I don’t know what I am going to do in the future. I don’t have a clue what job I’d enjoy or thrive in or even where to start looking. At the moment, there is only one thing I can think that I’d love to do as a career. Blogging. Creating a foundation for a business out of it, watching it grow and develop and become something that is inspiring and beautiful to be a part of. However, I aspire to have a successful career in any area that I love and to have a family one day. I know that blogging is not the only outcome that would make me happy but I do know at the moment it’s the one I imagine and dream for.
But I’m realistic. Maybe it won’t happen. Maybe there are too many blogs and YouTubers’ and internet professionals out there to compete with who have done it all before. But to me, when I really take my time to plan and think about things, that doesn’t matter. Nothing can actually take this blog away from me. It may not grow, it may not become anything more that a hobby blog with occasional readers (who I am so, so grateful for, each and every one) but that doesn’t matter because I still have all the same reasons I did four years ago. And while I learn and have fun, I can still try to achieve my ultimate goal and love what I am doing in the mean time.
That is why I’ve been thinking about how I can make my blog look more professional, talking to other bloggers (thanks, Cat!) who have given me tips on how to do this without taking drastic measures. I’m not really one for quotes but I can see why people relate to things like ‘stop saying I wish and start saying I will’ and ‘shoot for the moon, even if you miss you’ll land among the stars.’ I debated over investing in my own blog domain for about an hour. Do I really need to spend money on my blog? Will it ever be worth it? Is it a bit risky? Then I thought, if I have any chance of meeting my dream goal, then I need to take steps to get there, no matter how small. So I did! And I feel good about it, and that is what it is, once again, all about.
I love my little corner of the web. It makes me smile when someone comments or likes a post. I feel so overwhelmed when I get someone saying they think my content it really good. I get excited when Paperchase or Tiger UK tweet me because I mentioned their products in a post.
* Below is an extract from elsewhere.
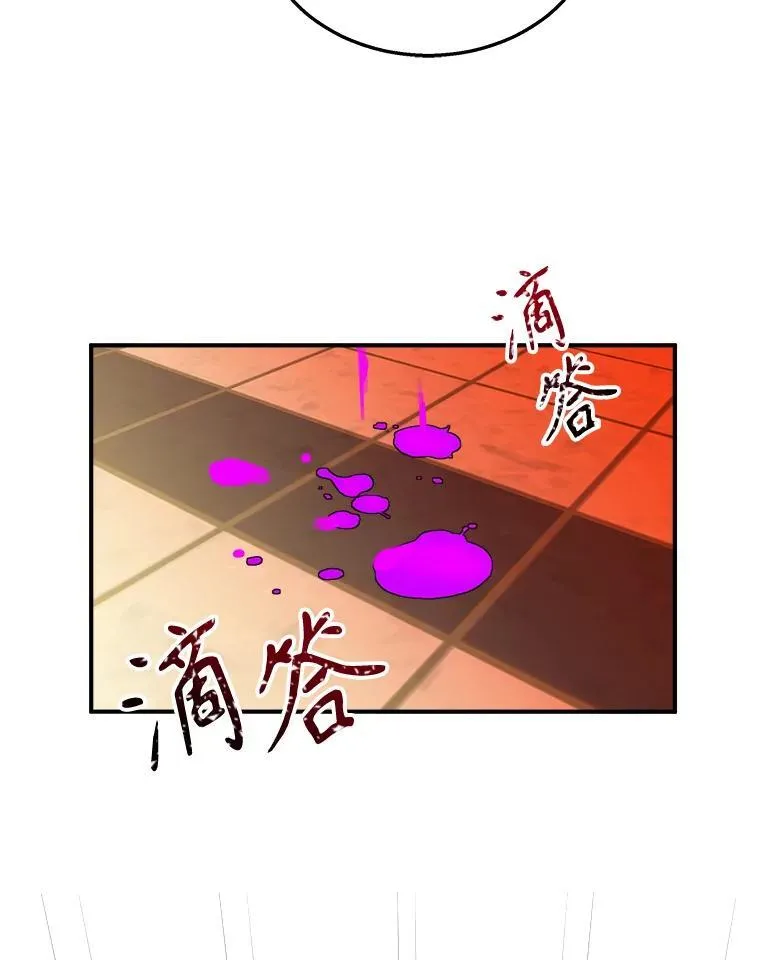 3.初次沉浸73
All of these rushes of happiness and excitement are what it’s for and that is why I do it. But I won’t completely give up on that ultimate dream goal until I’ve done everything I can to try and get there.
I really hope you enjoyed this post and if you have any questions on anything I’ve said, let me know! And tell me, how do you feel about blogging? What attitude do you take to it to ensure it is still good fun for you?
Thank you for reading my 200 (and one!) and I look forward to writing so many more.